**Problem description**
Produce the lines from the one containing "Mẫu Bài post" through the end of the material exactly as they appear, both ends included, and leave the pictures out.

··········

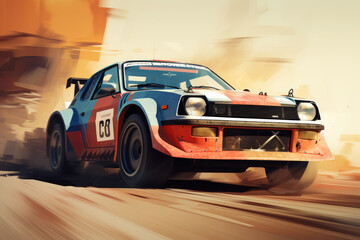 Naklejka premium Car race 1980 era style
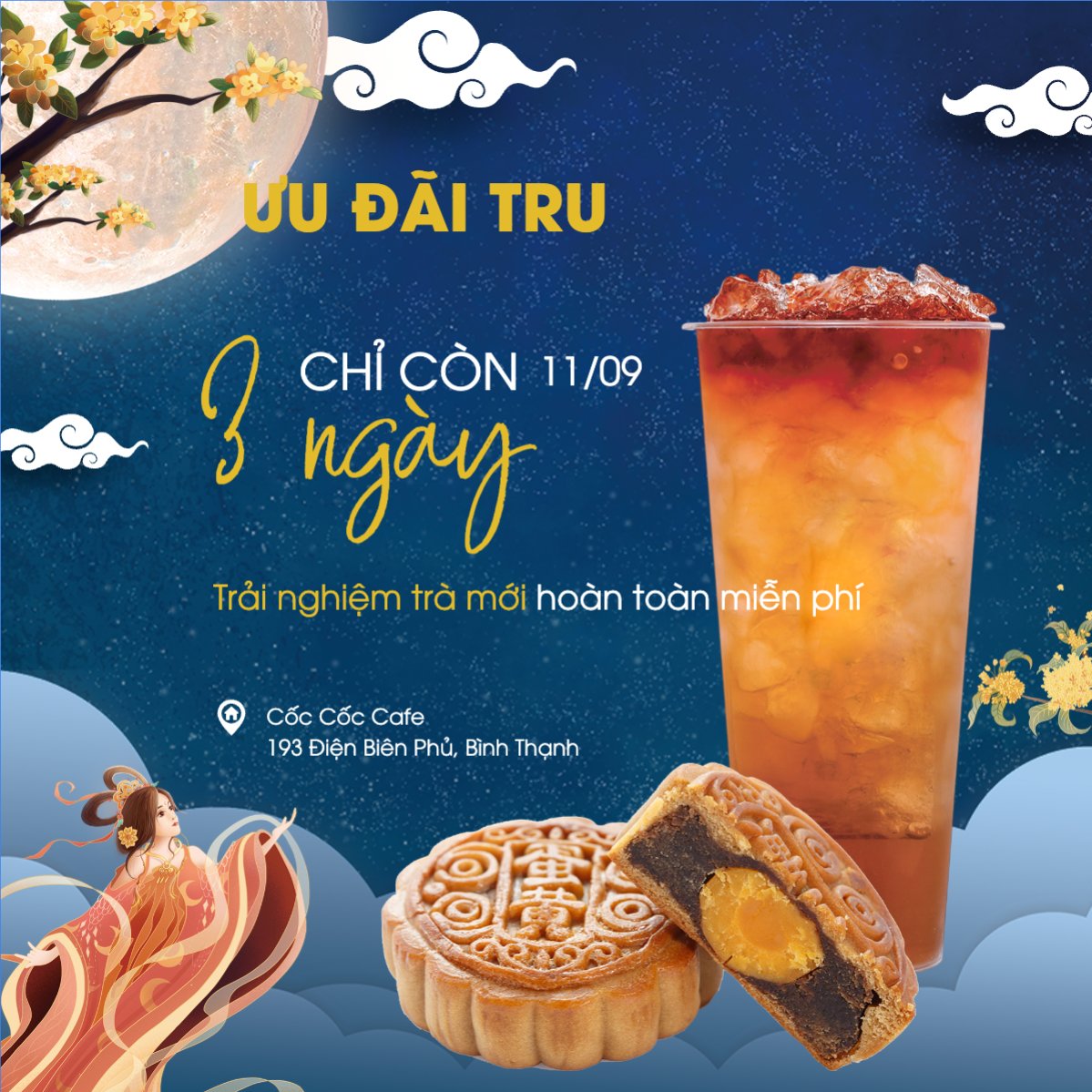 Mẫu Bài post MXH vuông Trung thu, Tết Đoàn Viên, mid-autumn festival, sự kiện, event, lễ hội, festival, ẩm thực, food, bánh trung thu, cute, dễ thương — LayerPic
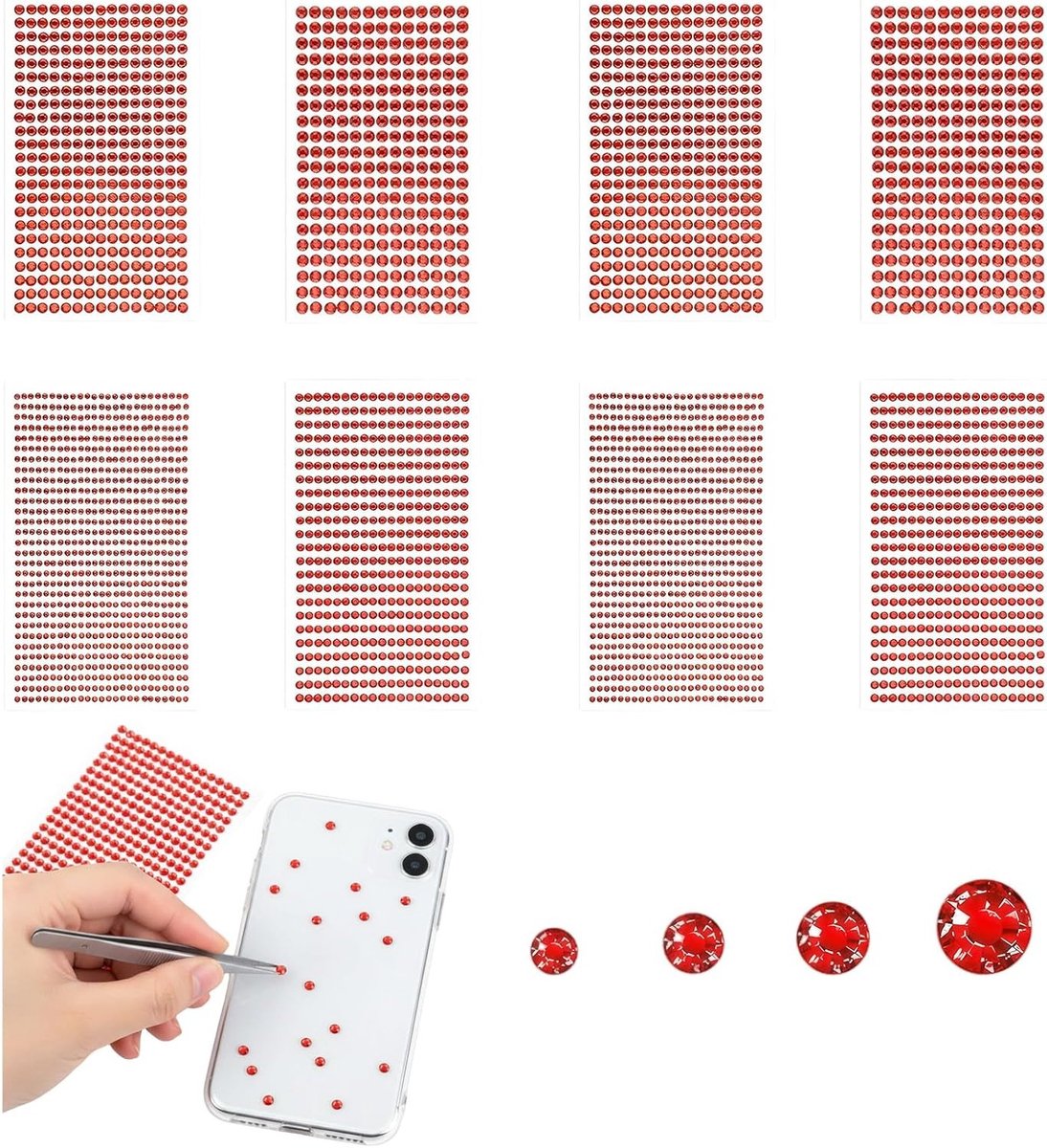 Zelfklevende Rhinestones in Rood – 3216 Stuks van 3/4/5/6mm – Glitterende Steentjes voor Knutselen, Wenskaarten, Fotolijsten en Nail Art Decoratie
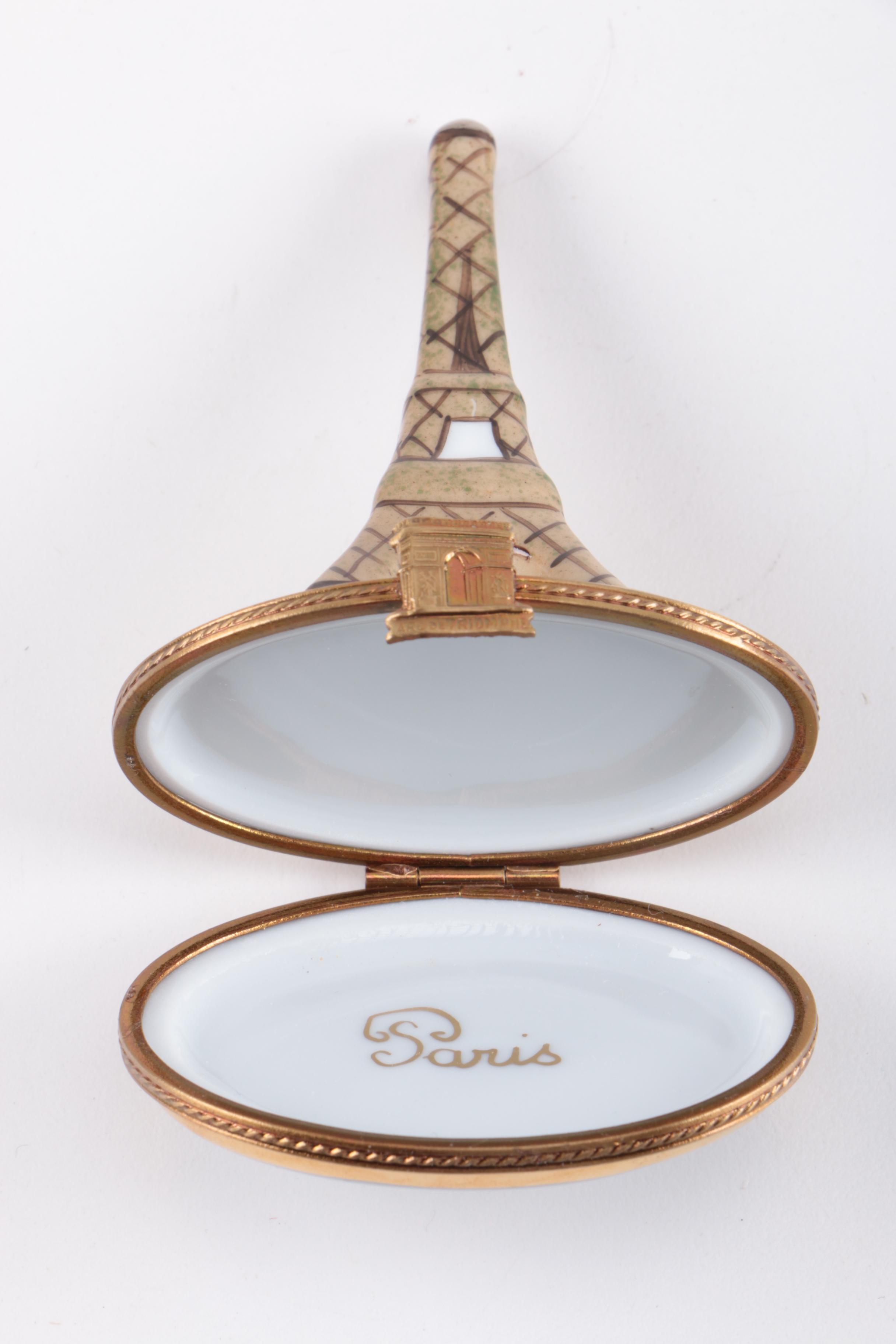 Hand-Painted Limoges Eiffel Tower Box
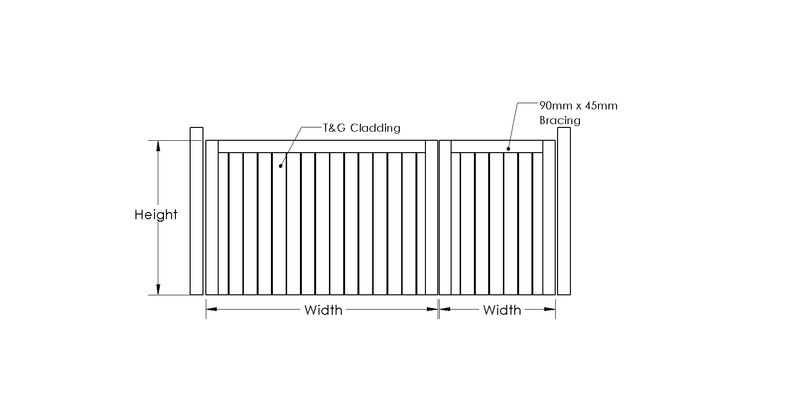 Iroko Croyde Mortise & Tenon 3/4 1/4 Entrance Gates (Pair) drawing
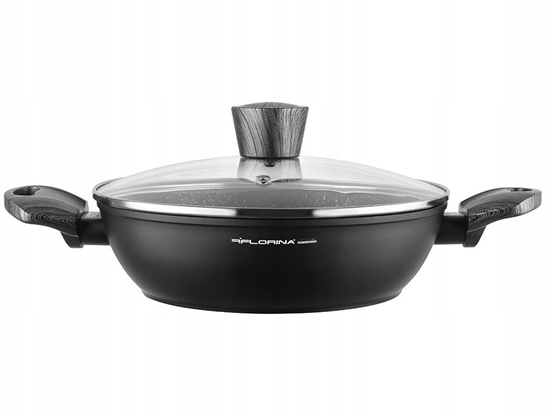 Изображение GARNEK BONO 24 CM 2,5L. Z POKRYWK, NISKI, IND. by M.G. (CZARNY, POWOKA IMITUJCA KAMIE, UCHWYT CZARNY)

··········

**Result for this exercise**
 Mẫu Bài post MXH vuông Trung thu, Tết Đoàn Viên, mid-autumn festival, sự kiện, event, lễ hội, festival, ẩm thực, food, bánh trung thu, cute, dễ thương — LayerPic
 Zelfklevende Rhinestones in Rood – 3216 Stuks van 3/4/5/6mm – Glitterende Steentjes voor Knutselen, Wenskaarten, Fotolijsten en Nail Art Decoratie
 Hand-Painted Limoges Eiffel Tower Box
 Iroko Croyde Mortise & Tenon 3/4 1/4 Entrance Gates (Pair) drawing
 Изображение GARNEK BONO 24 CM 2,5L. Z POKRYWK, NISKI, IND. by M.G. (CZARNY, POWOKA IMITUJCA KAMIE, UCHWYT CZARNY)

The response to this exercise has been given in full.